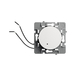 CASUAL EVO MECANISME VA ET VIENT A VOYANT BLANC - DEBFLEX - 749600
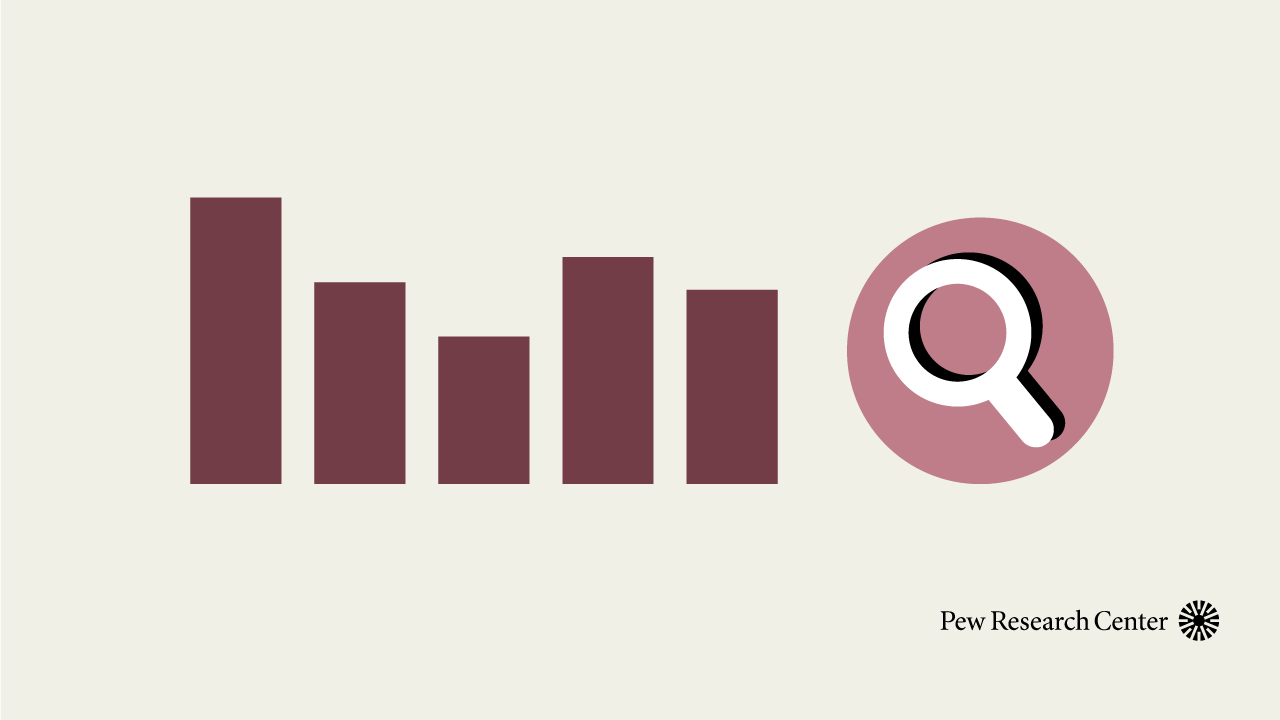 American News Pathways Explore The Data Pew Research Center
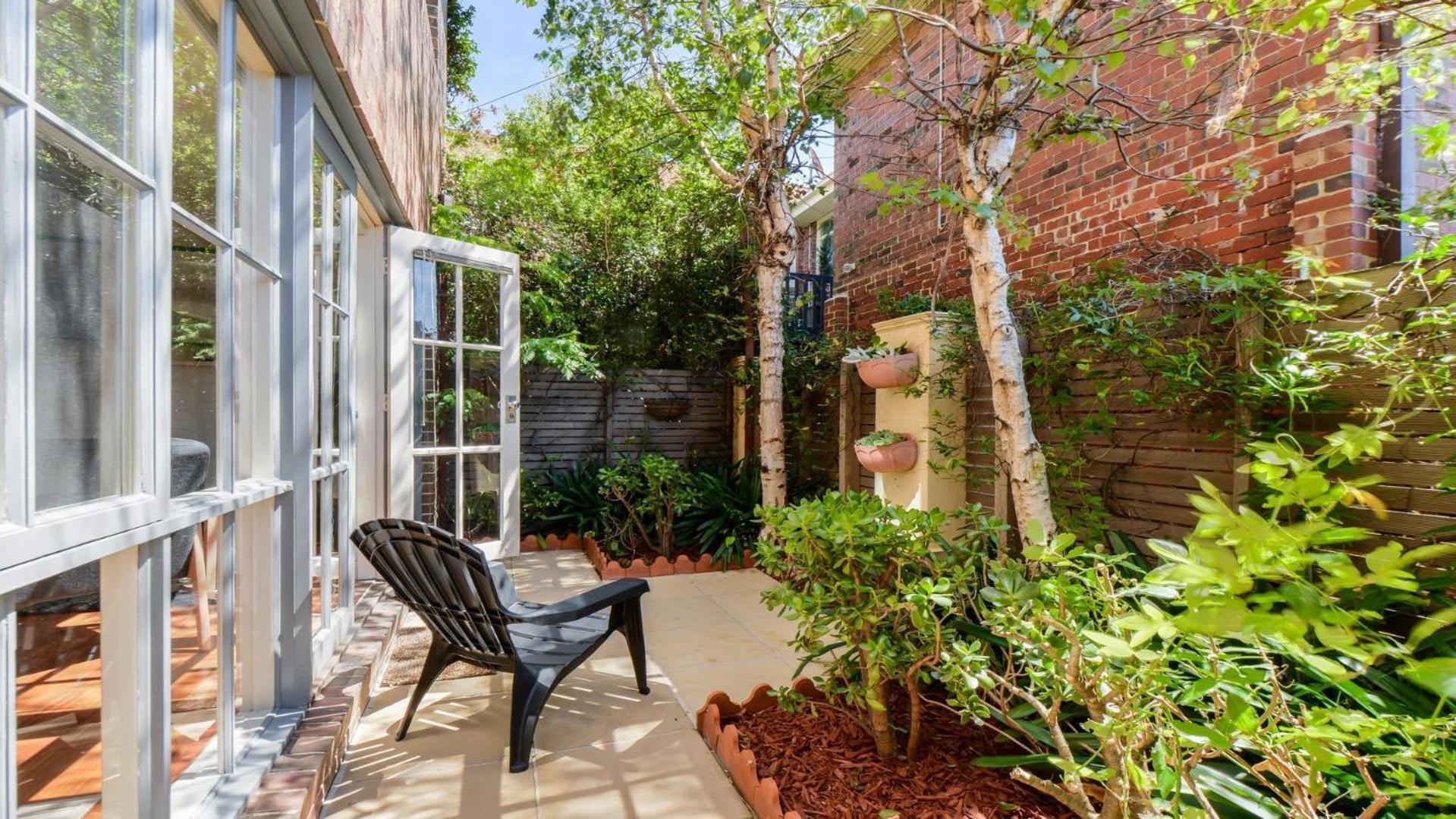 Boutique Stays - Brighton Abode Melbourne City Exterior foto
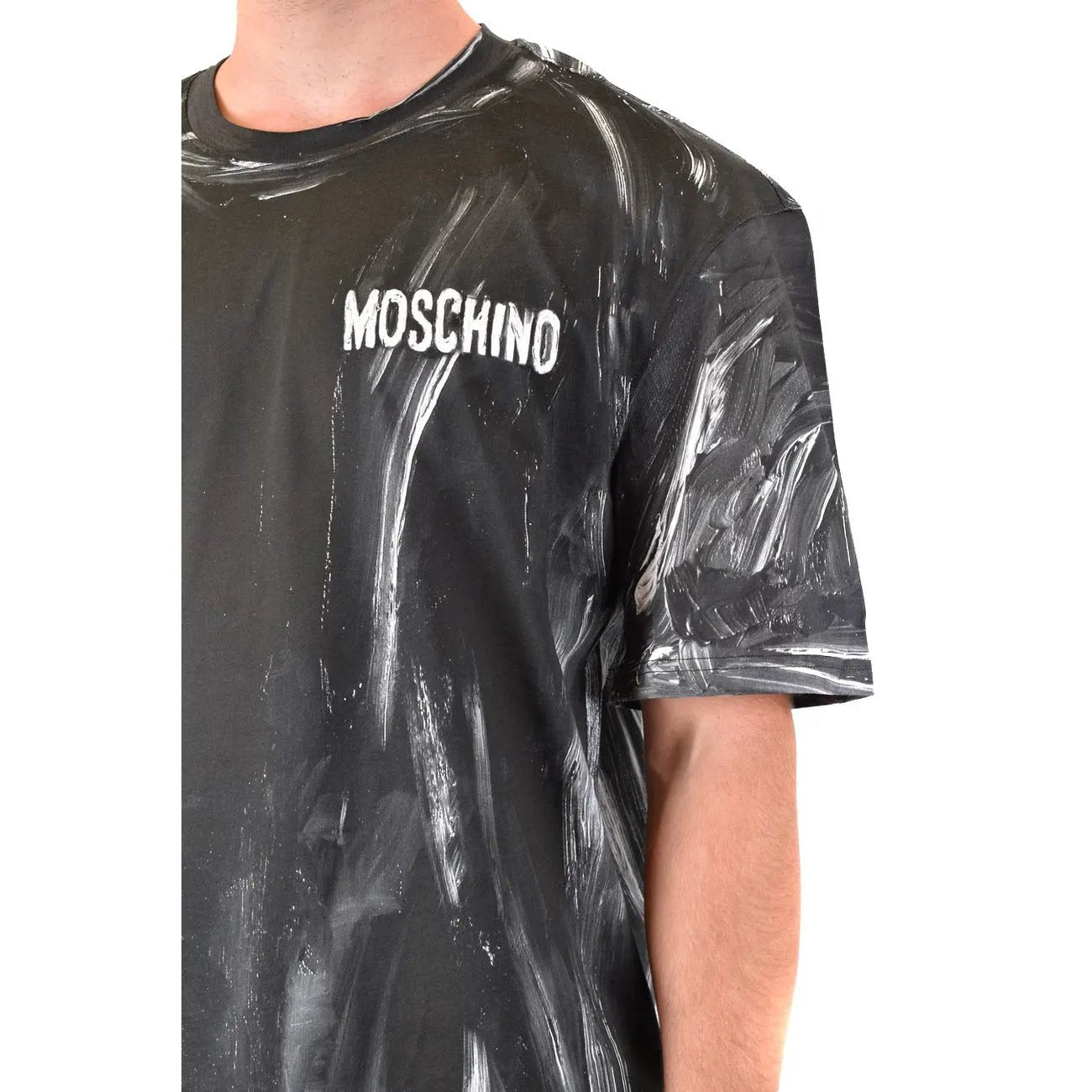 Moschino - Moschino Men T-Shirt by Moschino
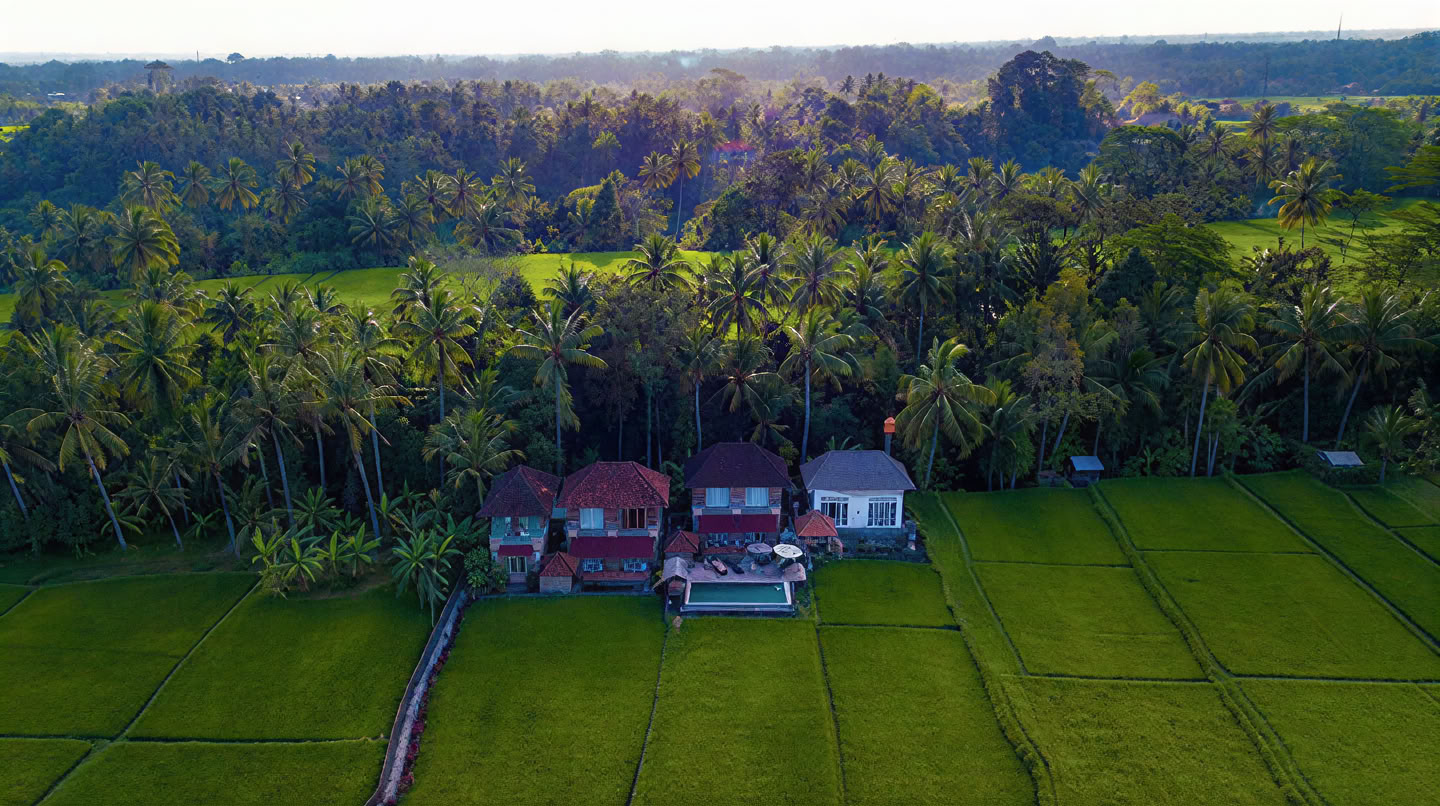 Jouw week bij een yoga-retreat op Bali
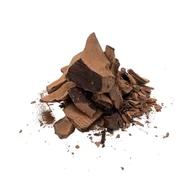 Kakao i czekolada - Kakao ceremonialne Dominicana Conacado BIO 100 g - Chocante - miniaturka - grafika 1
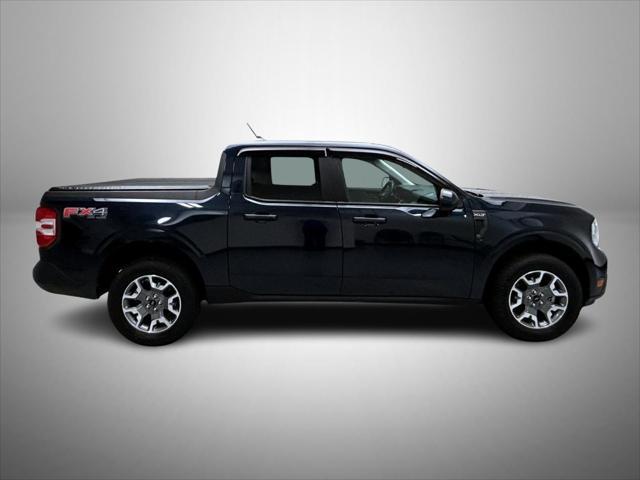 used 2022 Ford Maverick car, priced at $27,447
# # # # # # #
Begin at the line containing "Kakao i czekolada" and restate exactly every line through the end of the material, skipping the pictures.

 Kakao i czekolada - Kakao ceremonialne Dominicana Conacado BIO 100 g - Chocante - miniaturka - grafika 1
 used 2022 Ford Maverick car, priced at $27,447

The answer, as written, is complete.